Groupon founder Andrew Mason’s audio tour startup Detour has been sold to Bose. The acquisition, which involves only the software and tour content – not the team – was quietly announced on Detour’s blog a few days ago, followed by an email to customers. Bose, initially, seems like an unlikely acquirer for an app designed to help people discover a city through narrated walking tours. But its interest in the product has to do with its upcoming AR platform, which involves audio experiences delivered through a pair of sensor-laden glasses.

Bose is now “actively looking for a partner to host the Detour content,” and make it available to its customers, including those on Bose AR.  The Detour app itself will soon shut down.

Mason says he may help Bose a bit in the process of finding that third party, but his focus is on his new company, Descript.

Detour had launched a few years ago, and was entirely self-funded by Mason. Its goal was to offer tourists and locals alike a way to discover a city’s hidden gems, like its off-the-beaten-track shops and alleys – things other tours would overlook. The service arrived to the public with tours in San Francisco starting in 2015, before later expanding to other markets, including international destinations, all available as in-app purchases.

The app, at the time of sale, had around 120 available tours.

A tour of the Marina’s sweets shops in Detour, narrated by a German philosopher

As part of the creation of its tours, Detour had also developed some interesting technology – like a tool to transcribe audio that lets you edit the audio file by editing the written transcription, and a way to add music and sound to a narrative by adding it to the transcription.

This technology has now been spun off as a new startup, Descript. The Detour team, including Mason, have been working on Descript for around six months now. Descript, which aims to make editing sound files as easy as editing a Word document, launched in December with $5 million in funding from Andreessen Horowitz.
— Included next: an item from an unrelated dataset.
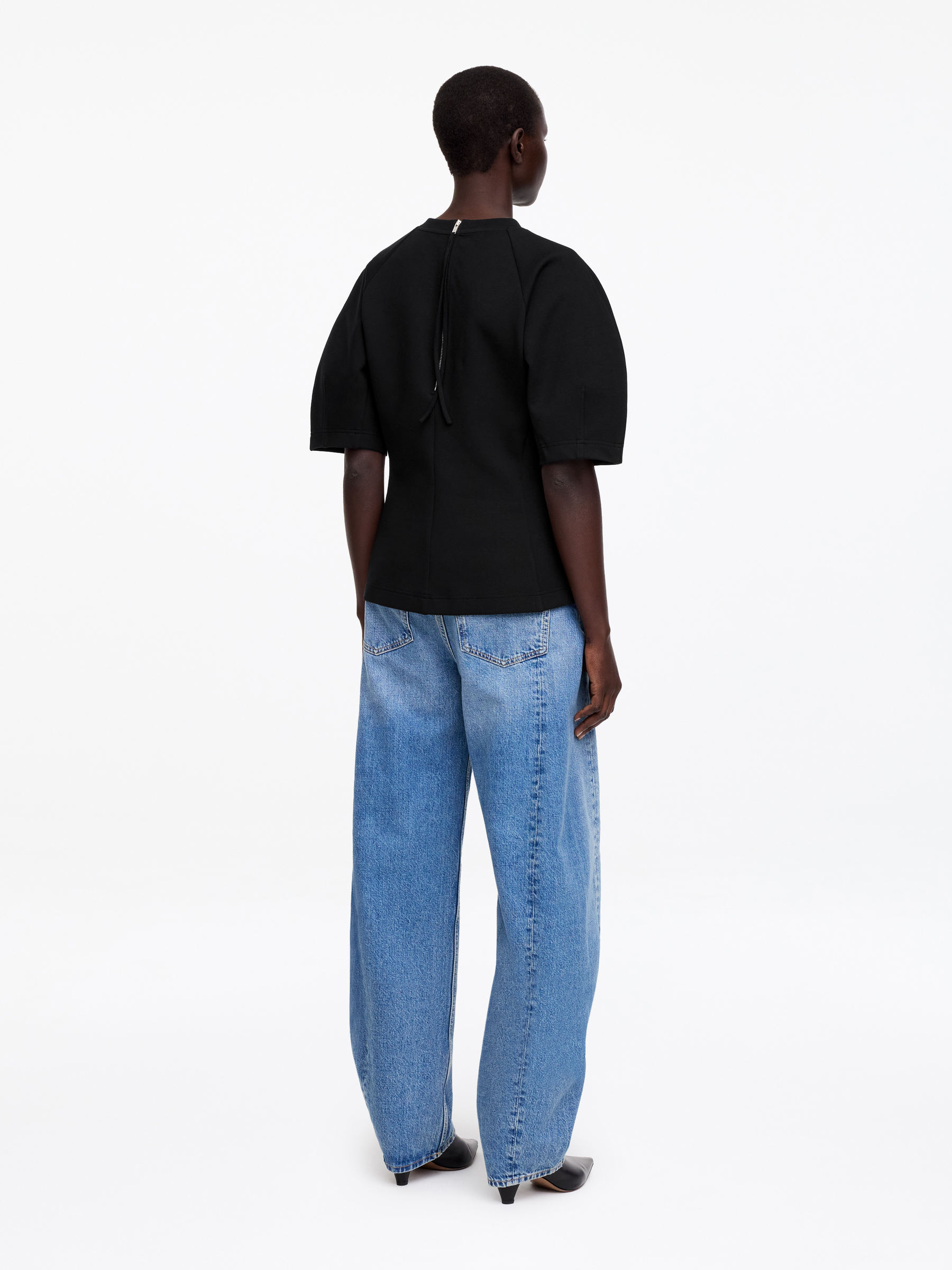 Sculptural Top - Black - Regular fit - Women - StillMedia/Lookbook - 6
Given Mason’s current focus, it’s not surprising that Detour was shutting down. But it is a little surprising it found an acquirer.
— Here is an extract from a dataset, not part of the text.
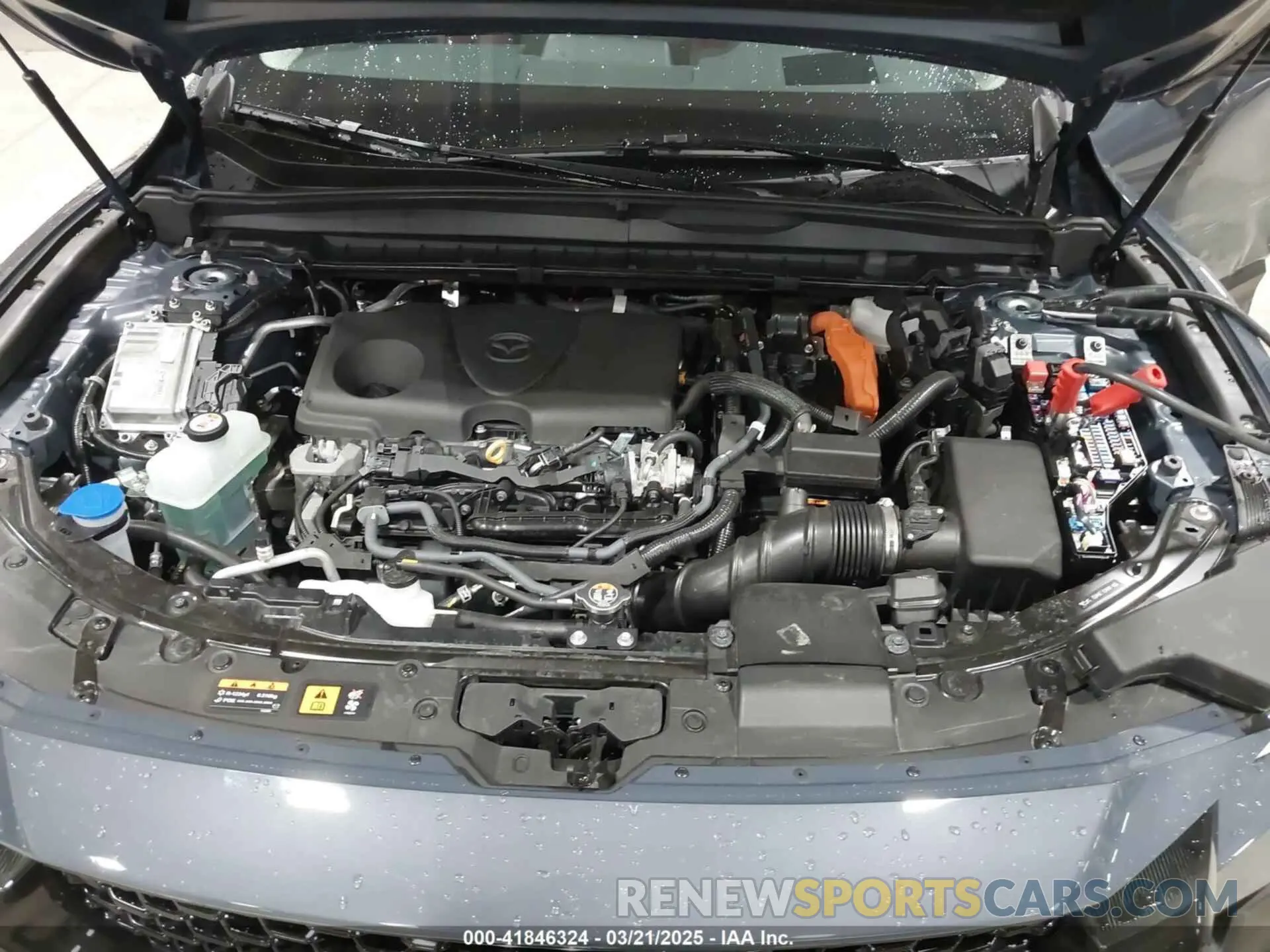 10 Photograph of a damaged car 7MMVAAEW1SN102161 MAZDA CX-50 HYBRID 2025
The app was never able to gain a sizable following on the scale of other travel guides. (It had been ranking in the 400’s to 700’s in the App Store’s “Travel” category as of late – meaning, practically invisible.) However, its tours were unique and interesting and had been designed with features others at the time lacked – like location awareness or the ability to sync with multiple people in a group, for example.
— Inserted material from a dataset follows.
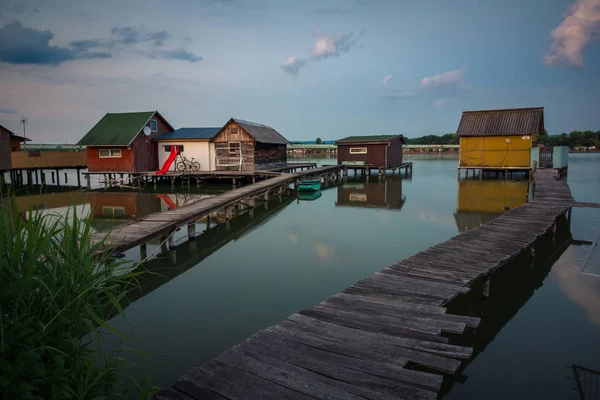 Cabañas de madera en el lago Bokod en Hungría — Foto de Stock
The Detour app will remain available until May 31, 2018, and all tours will be free through then. Afterwards, the app will be removed from the App Store.

“Thank you to the producers, engineers, designers, and storytellers that made Detour what it is over the last four years. I’m excited to see where Bose takes it,” wrote Mason, on Detour’s blog.

Pitchbook claims Detour had raised funding, but Mason says that’s incorrect.

“Detour is self-funded (by me) and we never disclosed how much,” he says. But he did confirm that Mihir Shah, a friend, had invested a “some token number of thousands of dollars in the very beginning,” which is why the investment is listed on Shah’s LinkedIn.

Deal terms were not available, but it was likely a small exit.

It’s unclear when Detour would arrive on Bose AR, as Bose is still in the process of finding a third party to continue with Detour, and hasn’t yet shipped test builds of its AR glasses to developers.